The Arboretum Marcel Kroenlein, also known as the Arboretum de Roure, is a high-altitude arboretum situated 1270 to 1700 m above sea level. It covers 15 ha on the edge of the Mercantour National Park in Roure, Alpes-Maritimes, Provence-Alpes-Côte d'Azur, France. It is open daily.

The arboretum was conceived in 1987 when Michèle Ramin, now the arboretum's president, met Marcel Kroenlein, then director of the Jardin Exotique de Monaco. Its first trees were planted in 1988, and in 1989 artists began to display their artwork on the site. Featured artists have included Arman, Folon, Ben, and César. Every year the arboretum organizes an exhibition sponsored by a contemporary artist; examples include: Andy Goldsworthy and Ousmane Sow.

The arboretum's mission is to collect hardwoods and conifers from the Alps and every mountainous region across the world, and to preserve the natural flora of the Alpes-Maritimes. The site features a variety of micro-climates, due to its Alpine and Mediterranean location and its varied topography. As such, it is host to a wide variety of natural vegetation. Indigenous foliage is primarily pine and European larch.

Since the arboretum's creation, more than 400 additional tree species, including 137 exotic species, have been planted at the site. Its collection of conifers includes the Wollemi pine and Pinus culminicola, as well as varieties of cedar, fir, juniper, larch, and spruce. It also contains a collection of high-altitude maples from the Americas, Asia, and Europe, along with ash trees, ginkgo, red oak, prunus, walnut, and Sequoiadendron giganteum.

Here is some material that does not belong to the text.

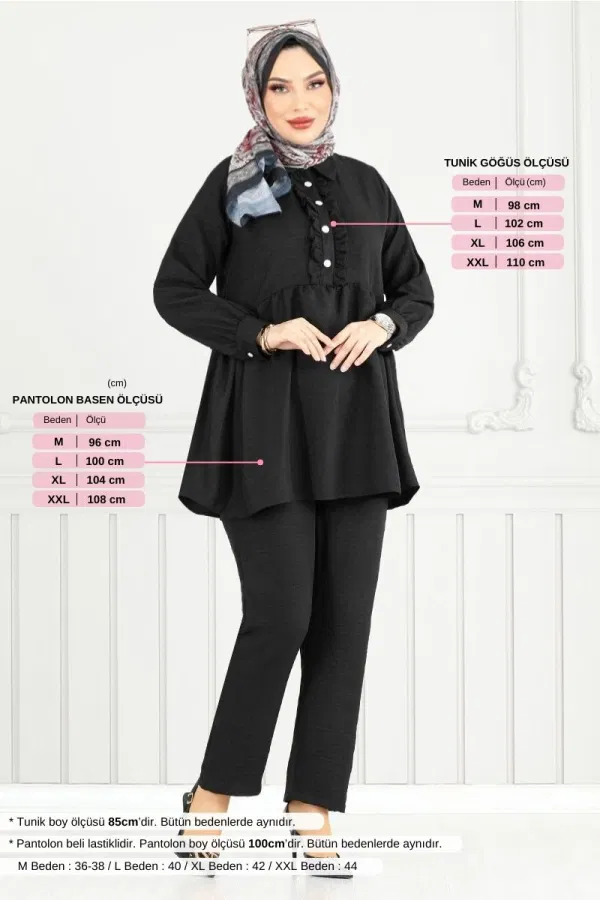 Modaselvim SEPETTE NET %20+%20 İNDİRİM Önü Fırfırlı Keten Takım 6093TGE913-M Siyah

Endemic to the Maritime Alps but now rare locally, Viola valderia, the mountain pansy, has been discovered growing on the site. The arboretum has now dedicated part of its site to preservation of local wildflowers. It has a collection of rare and endangered wild Rosa spp. of the Maritime Alps. Alpine wild roses of the region include: Rosa agrestis, R. arvensis, R. glauca, R. pendulina, R. montana, and R. villosa. The French rose, R. gallica, grows wild on the site and is a protected species in France.